Question

\(\sqrt{2}+\sqrt{3}\) is

• A. Rational number
• B. Irrational number
• C. Prime number
• D. Composite number

Answer 1

The Correct Option is B

Step 1: Recognize the nature of \(\sqrt{2}\) and \(\sqrt{3}\)
\(\sqrt{2}\) and \(\sqrt{3}\) are both irrational numbers.
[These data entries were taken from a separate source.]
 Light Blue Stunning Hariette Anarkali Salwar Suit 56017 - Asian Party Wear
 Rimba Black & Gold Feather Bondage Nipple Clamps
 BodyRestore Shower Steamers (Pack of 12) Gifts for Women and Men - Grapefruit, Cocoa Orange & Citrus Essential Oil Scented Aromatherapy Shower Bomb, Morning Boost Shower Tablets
They cannot be expressed as a fraction \(\frac{p}{q}\) where \(p, q\) are integers and \(q \ne 0\).

Step 2: Assume for contradiction that \(\sqrt{2} + \sqrt{3}\) is rational.
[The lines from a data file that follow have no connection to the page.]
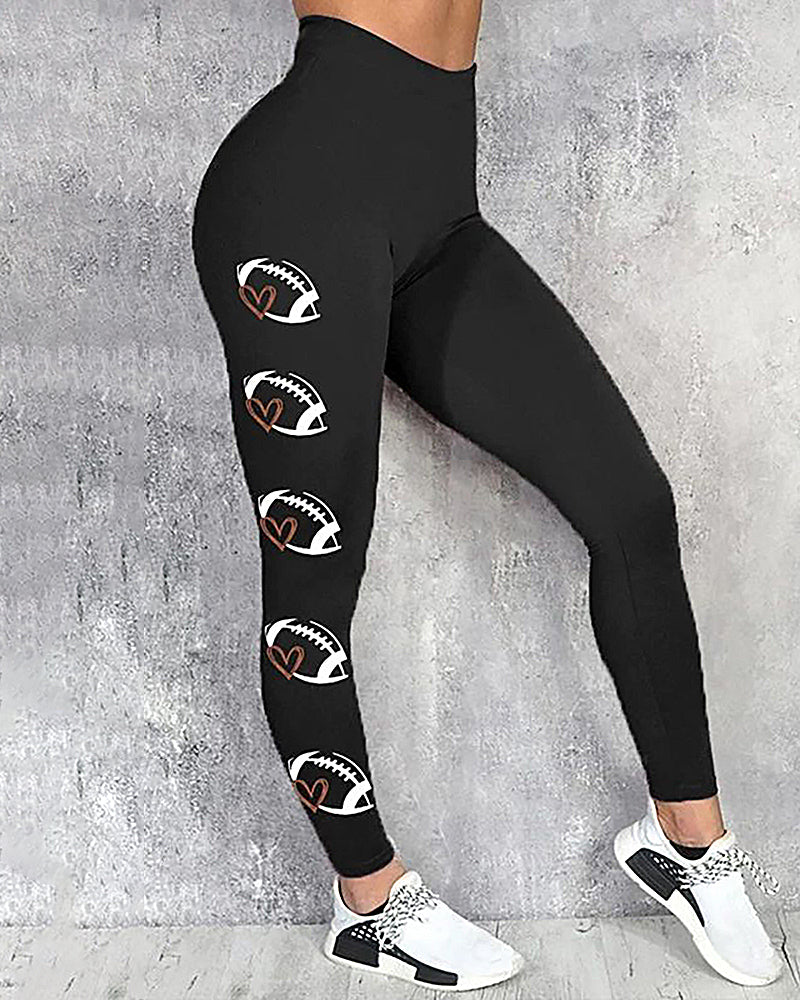 Rugby Print Yoga Pants Sports Seamless Sport Leggings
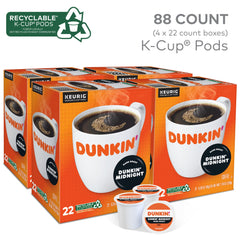 Dunkin' Donuts K-Cup pod close-up with Arabica beans highlighting rich flavor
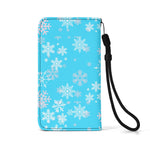 Blue Snowflake Wallet Phone Case - Closed front view | Our Phoenix Rise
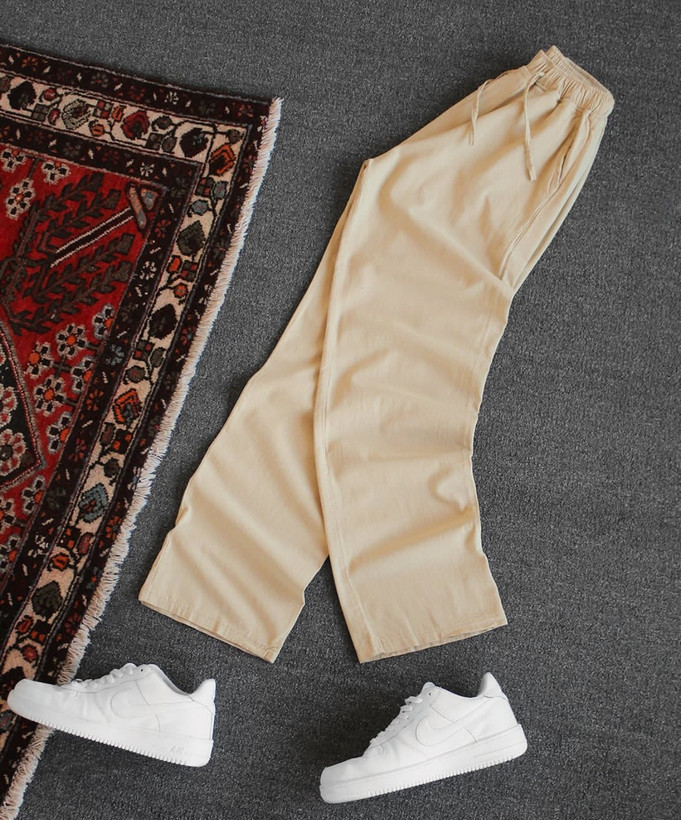 شلوار اسلش بگ لینن کرم مردانه فوقالعاده خفن و خنک | اورجینال دیلم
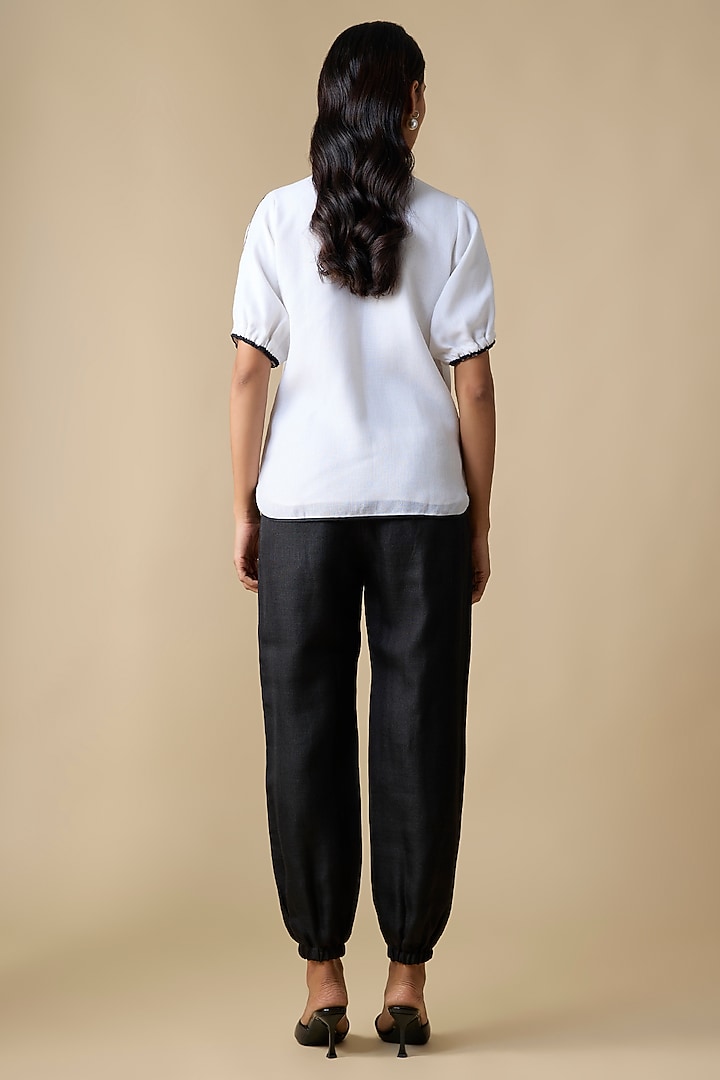 White & Black Linen Blend Embroidered Co-Ord Set by Linera at Pernia's Pop Up Shop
Let us suppose: \[ \sqrt{2} + \sqrt{3} = r \quad \text{(where } r \text{ is rational)} \]

Step 3: Subtract \(\sqrt{2}\) from both sides:

\[ \sqrt{3} = r - \sqrt{2} \]

Now, the right-hand side is the difference between a rational number \(r\) and an irrational number \(\sqrt{2}\).
But: Rational - Irrational = Irrational.

This implies that \(\sqrt{3}\) is irrational (which is true), but here we derived it from assuming \(\sqrt{2} + \sqrt{3}\) is rational.
That is a contradiction because it leads to irrational = irrational only if \(r\) is irrational.

Step 4: Hence, our assumption is false.

Therefore, \(\sqrt{2} + \sqrt{3}\) is irrational.